Afin de couper court à toute spéculation oiseuse, Melfrid a décidé d'apporter sa contribution à la science vélocipédique en proposant à l'usage des chercheurs et étudiants de tous niveaux une nomenclature fiable de la hiérarchie des ennemis du cycliste. Vous trouverez donc ci-dessous, classés par ordre croissant de nuisance, les entités mobiles dont il convient de se méfier.

— Le piéton: lent et vulnérable, le piéton doit être respecté du cycliste. Il n'a que ses pieds pour se mouvoir. Cependant, restez vigilant: le piéton peut surgir sur la piste cyclable sans crier gare. Au bénéfice du doute, nous mettrons cela sur le compte de l'inattention. Mais ce peut être aussi par pure perfidie: n'oublions jamais que tout piéton est un automobiliste en puissance. Comportement à adopter: se méfier.

— Le scooter: bruyant, polluant, rapide... Pas de méprise possible, malgré une apparente parenté du fait de sa configuration bicyclique, le scooter est à ranger au nombre des ennemis jurés du vélo. Il s'insinue dans les couloirs d'autobus, grille la politesse aux feux, entre en concurrence sur les parkings assimilés "deux-roues"... Comportement à adopter: affirmer sa différence.

— La moto: même observation que ci-dessus. On pourrait être tenté de fraterniser avec ce qui usurpe le terme de "cycle". C'est une erreur. Comportement à adopter: détournez le regard.

— L'automobile: par "automobile", nous désignerons un engin à quatre roues et à habitacle sans signe ostentatoire particulier. L'automobile s'approprie et privatise les neuf dixièmes de la chaussée, et l'automobiliste estime que ce n'est pas assez. C'est pourquoi il s'estime en droit d'annexer aussi trottoirs et pistes cyclables. L'automobile a pour l'automobiliste valeur sacrée. Le moindre effleurement est un blasphème passible des pires tortures. L'automobiliste, déjà dangereux par nature, devient hystérique si on touche à sa p'tite bagnole, ou si on en parle d'une manière qui pourra lui sembler déplaisante. Le danger est partout. Comportement à adopter: rester sur ses gardes et mordre en cas d'agression.

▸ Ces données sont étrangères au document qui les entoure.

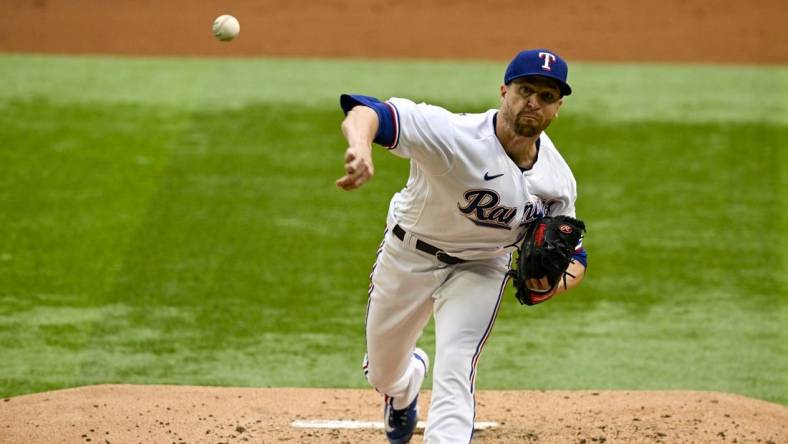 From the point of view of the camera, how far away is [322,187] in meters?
8.88

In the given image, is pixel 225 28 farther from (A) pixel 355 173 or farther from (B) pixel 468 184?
(A) pixel 355 173

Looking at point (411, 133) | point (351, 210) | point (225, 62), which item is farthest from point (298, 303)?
point (225, 62)

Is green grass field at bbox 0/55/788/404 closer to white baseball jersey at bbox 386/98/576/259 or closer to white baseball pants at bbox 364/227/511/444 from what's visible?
white baseball pants at bbox 364/227/511/444

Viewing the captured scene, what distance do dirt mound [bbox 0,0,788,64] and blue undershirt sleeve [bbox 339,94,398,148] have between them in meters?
7.70

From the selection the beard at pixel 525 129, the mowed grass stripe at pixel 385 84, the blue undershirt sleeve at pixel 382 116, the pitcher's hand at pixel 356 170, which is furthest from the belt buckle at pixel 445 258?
the mowed grass stripe at pixel 385 84

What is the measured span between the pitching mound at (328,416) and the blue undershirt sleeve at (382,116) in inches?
66.6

— Le camion de livraison: gros, toujours mal garé, et souvent approché par un piéton les bras chargés, traversant la piste cyclable sans rien voir devant lui. Quelques circonstances atténuantes, mais encore un danger redoutable. Comportement à adopter: à contourner largement.

— Le taxi: comme l'automobile, reconnaissable à une petite lumière qui lui confère l'impunité quand il emprunte les couloirs de bus. Ignore encore plus que d'autres la disposition du code de la route qui oblige à laisser un mètre lors du dépassement d'un cycliste. Davantage porté encore sur les excès de vitesse quand le feu passe à l'orange s'il ne transporte pas d'être humain sur sa banquette arrière. Utilise à l'envi son avertisseur sonore, assorti fréquemment des mots "connard" et "blaireau". Comportement à adopter: gueuler plus fort que lui.

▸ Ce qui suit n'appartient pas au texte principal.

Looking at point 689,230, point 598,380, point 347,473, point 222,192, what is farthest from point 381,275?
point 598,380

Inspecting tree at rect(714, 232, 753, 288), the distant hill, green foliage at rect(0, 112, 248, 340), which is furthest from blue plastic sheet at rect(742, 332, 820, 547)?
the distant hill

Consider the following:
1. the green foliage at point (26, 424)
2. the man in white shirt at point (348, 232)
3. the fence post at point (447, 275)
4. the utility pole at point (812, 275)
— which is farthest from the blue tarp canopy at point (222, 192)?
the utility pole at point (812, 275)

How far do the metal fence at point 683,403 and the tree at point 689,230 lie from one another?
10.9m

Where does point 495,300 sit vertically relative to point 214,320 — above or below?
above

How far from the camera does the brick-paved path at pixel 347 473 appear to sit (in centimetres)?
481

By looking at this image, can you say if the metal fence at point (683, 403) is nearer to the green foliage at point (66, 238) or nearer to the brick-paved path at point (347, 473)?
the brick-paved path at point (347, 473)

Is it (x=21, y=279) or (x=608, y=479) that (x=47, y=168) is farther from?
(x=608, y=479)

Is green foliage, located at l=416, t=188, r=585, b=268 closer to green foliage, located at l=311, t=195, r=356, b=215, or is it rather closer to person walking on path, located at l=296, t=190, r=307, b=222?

— La New Beetle ou la New Mini: généralement conduite par une New connasse de vingt ans et immatriculée sur la commune de Versailles. Se croit irrésistiblement belle et par conséquent excusable de ses délits de mauvais goût et de de dépassement par la droite. Comportement à adopter: détourner le regard.

— La BMW rouge décapotable: généralement conduite par un jeune dealer qui affiche ainsi une forme de réussite sociale et qui se trompe de révolte en jouant les anarchistes du code de la route. Comportement à adopter: afficher une pitié de bon ton.

— La Renault espace: ainsi dénommée car conduite par un homme seul qui utilise environ dix fois plus d'espace sur la chaussée que de raison. Une autre façon de s'affirmer. Comportement à adopter: pas de pitié dans ce cas, le mépris s'impose.

— Le 4x4: le superprédateur de toute jungle urbaine. N'a jamais connu la boue. Plus grand, plus haut, plus fort que tous. Plus con que tout. La bêtise humaine en cinémascope. N'ayant aucune place assez grande pour se garer, utilise tous les espaces possibles: passages piétons, places pour handicapés, trottoirs, pistes cyclables... Rien ne peut l'atteindre en raison de son gabarit et de ses moyens phynanciers pour payer les éventuelles contraventions. Comportement à adopter: attaquer sauvagement avec tout objet contondant à disposition.